◆ **THE TASK**
The pictures stay out. Please retype every line below exactly.

(TASK MATERIAL Opens)

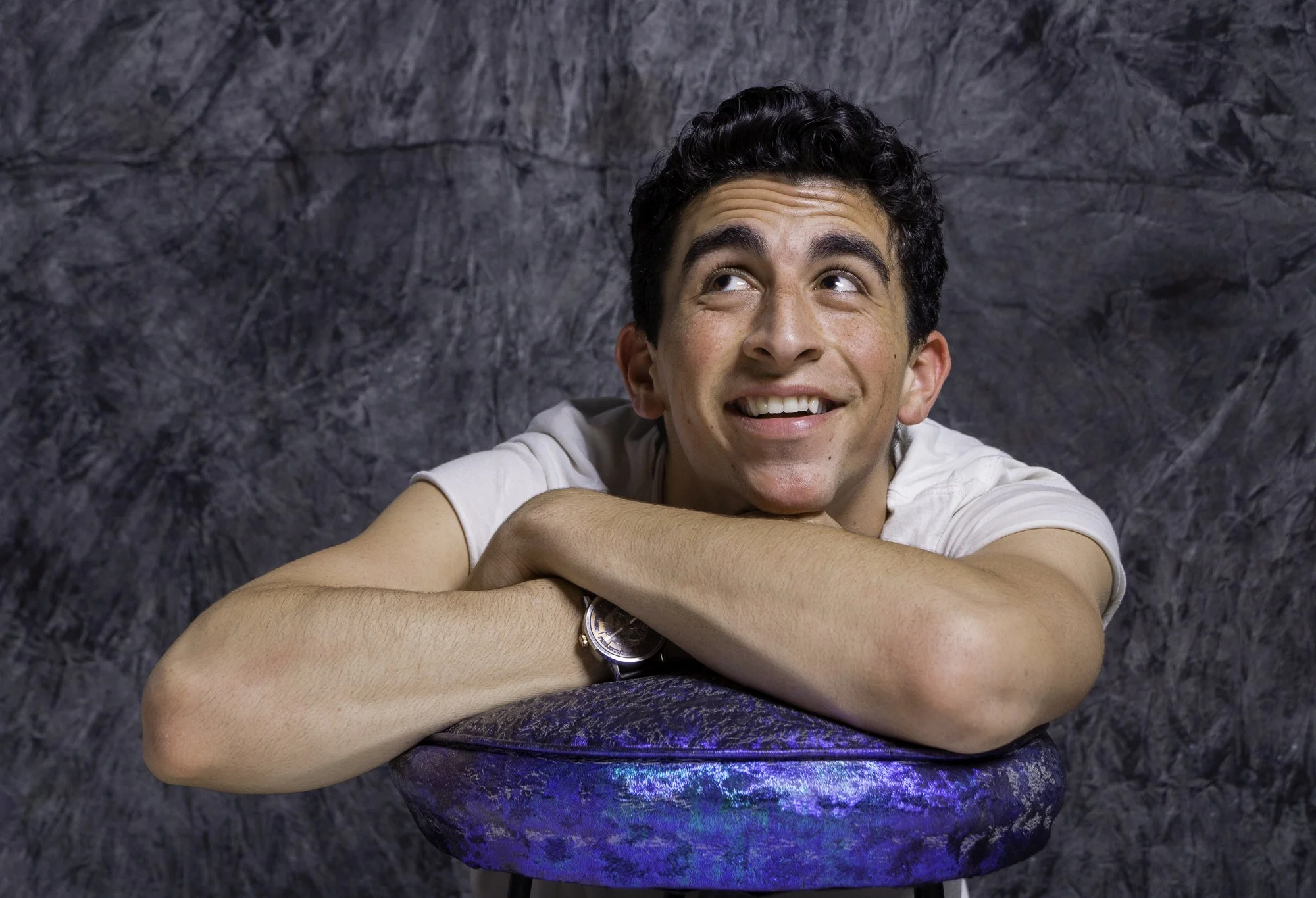 Portrait of a young man with dark curly hair resting his head on his crossed arms on a barstool, smiling and looking up against a gray textured background.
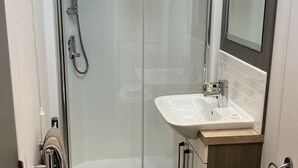 Un baño moderno con cabina de ducha de vidrio, lavamanos con espejo y retrete.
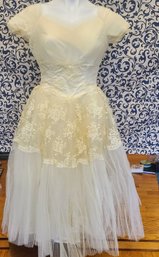 A True Princess Style Antique Dress With Detailed Pearl Applique And An Underlayer Of Ivory Touille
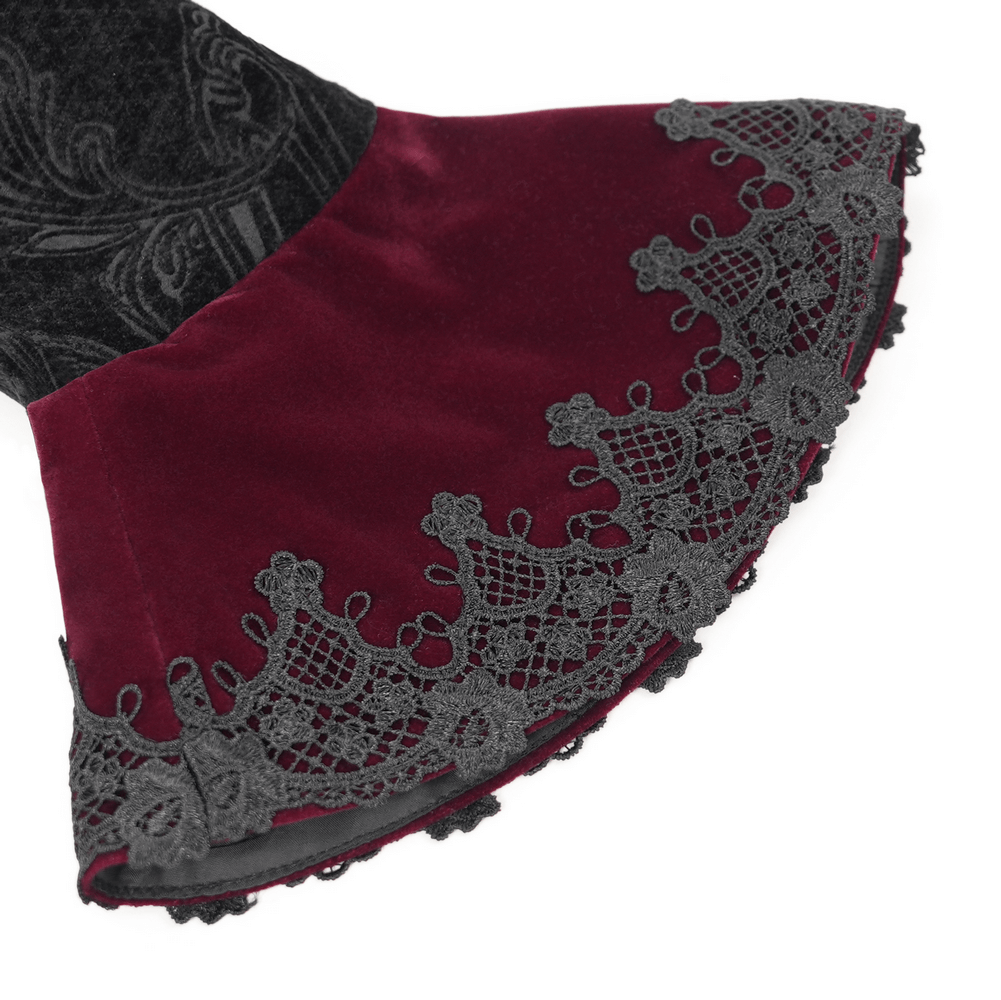 Close-up of burgundy bell sleeve with intricate black lace trim from a gothic Victorian jacket.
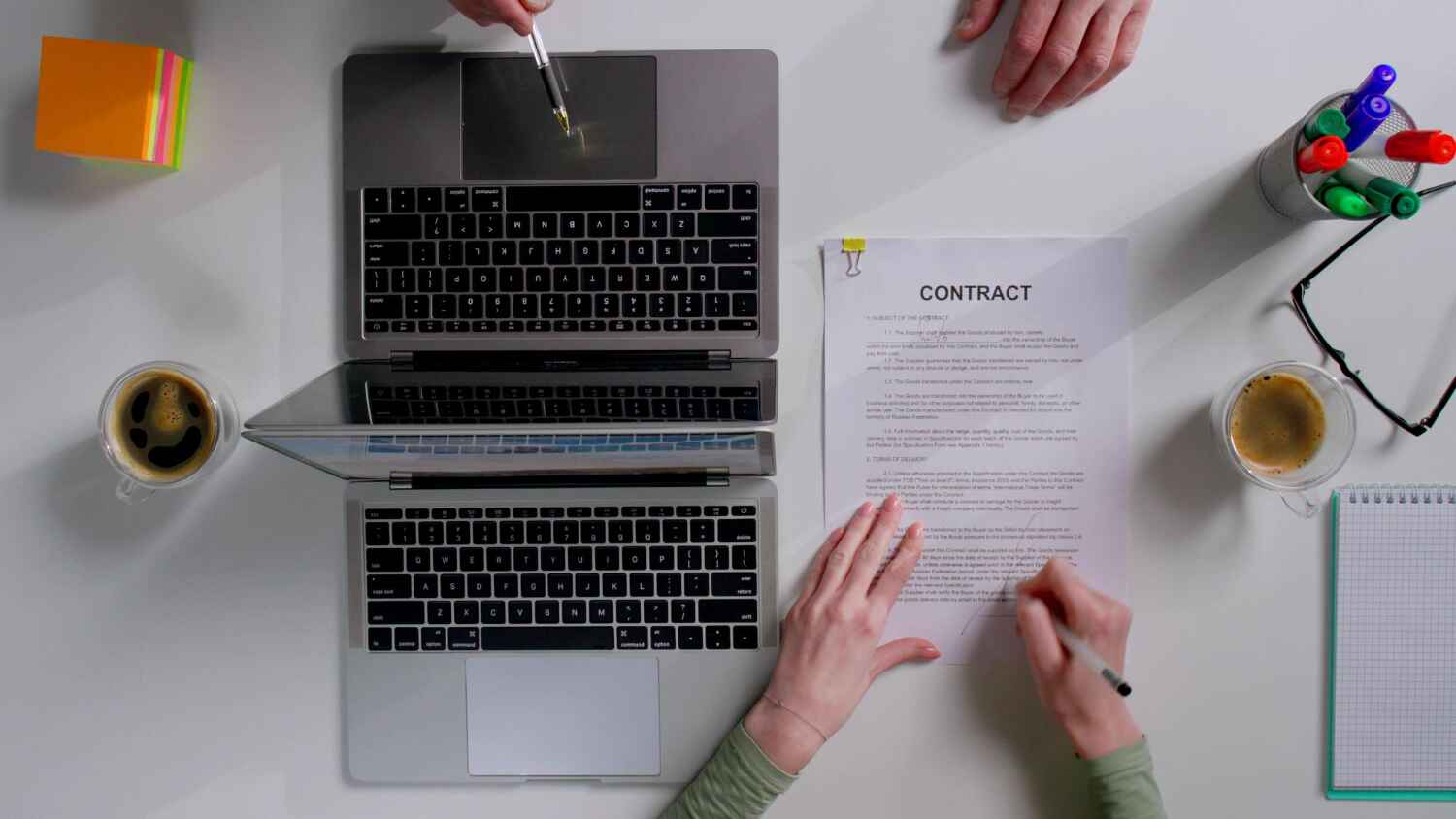 Reviewing a freelance contract before signing an agreement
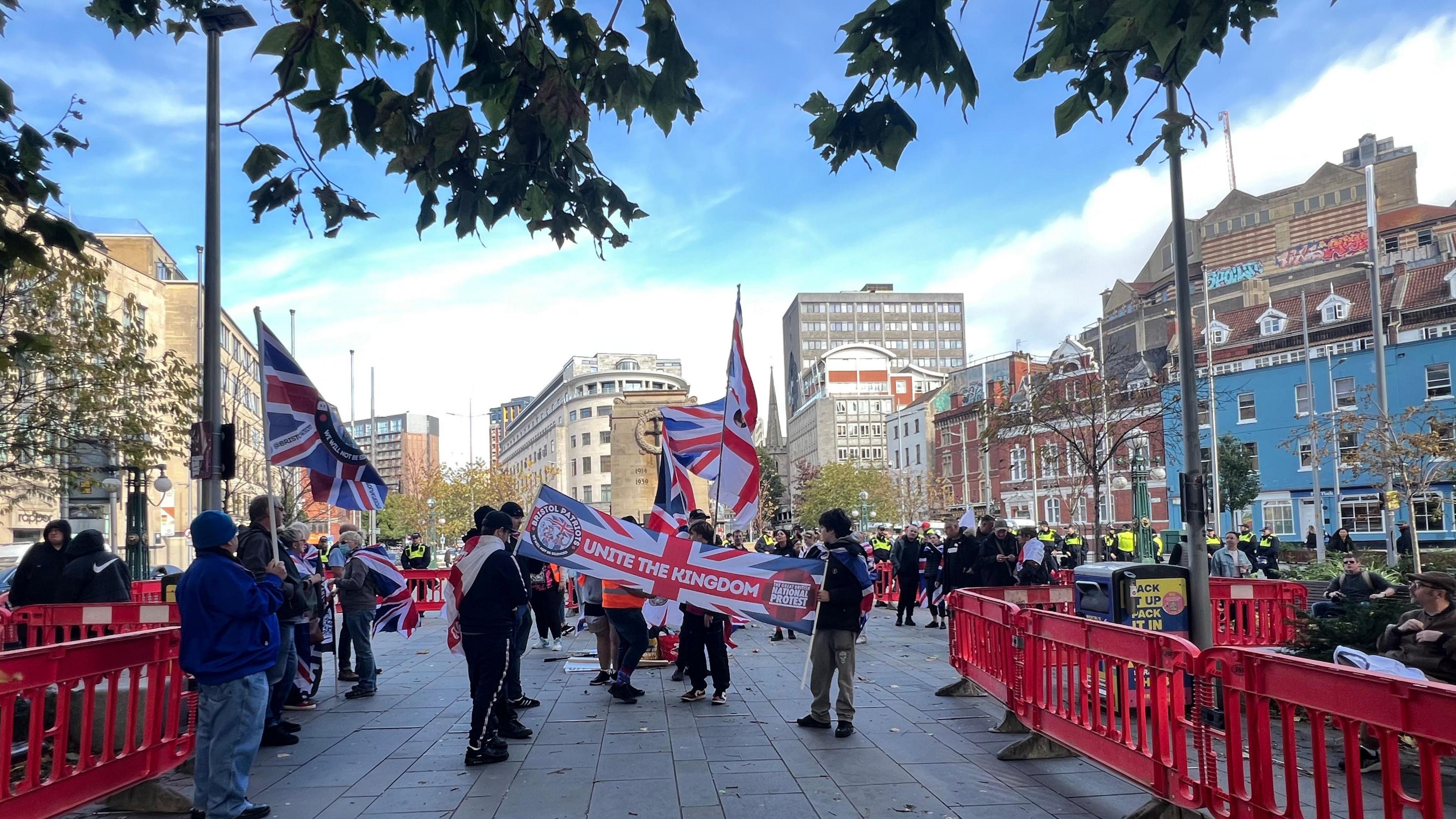 A Unite the Kingdom banner held by two people, with more protesters behind holding flags. They are surrounded by red barriers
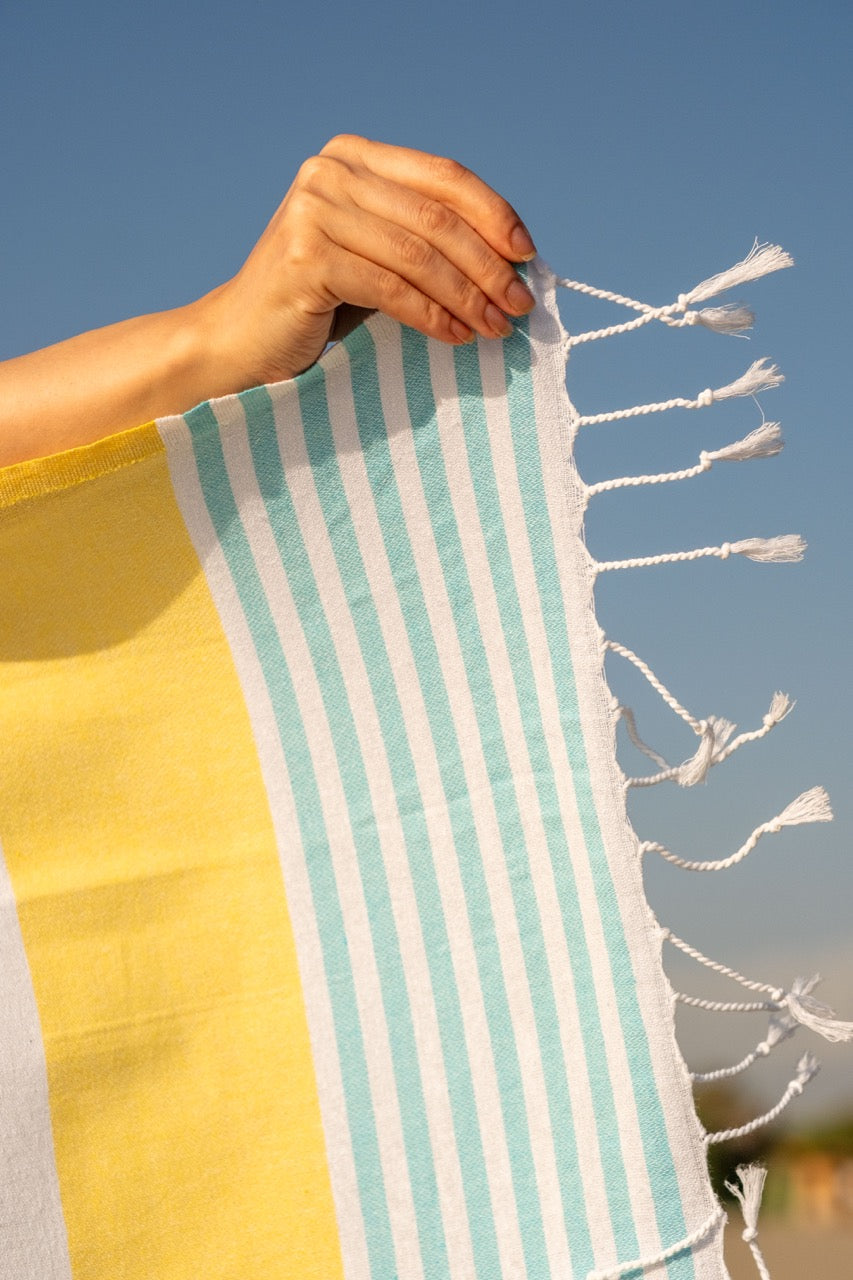 womens hand holding towel, blue sky. towel is yellow with green stripes on ends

(TASK MATERIAL Closes)

◆ **WRITTEN RESPONSE**
 Portrait of a young man with dark curly hair resting his head on his crossed arms on a barstool, smiling and looking up against a gray textured background.
 Un baño moderno con cabina de ducha de vidrio, lavamanos con espejo y retrete.
 A True Princess Style Antique Dress With Detailed Pearl Applique And An Underlayer Of Ivory Touille
 Close-up of burgundy bell sleeve with intricate black lace trim from a gothic Victorian jacket.
 Reviewing a freelance contract before signing an agreement
 A Unite the Kingdom banner held by two people, with more protesters behind holding flags. They are surrounded by red barriers
 womens hand holding towel, blue sky. towel is yellow with green stripes on ends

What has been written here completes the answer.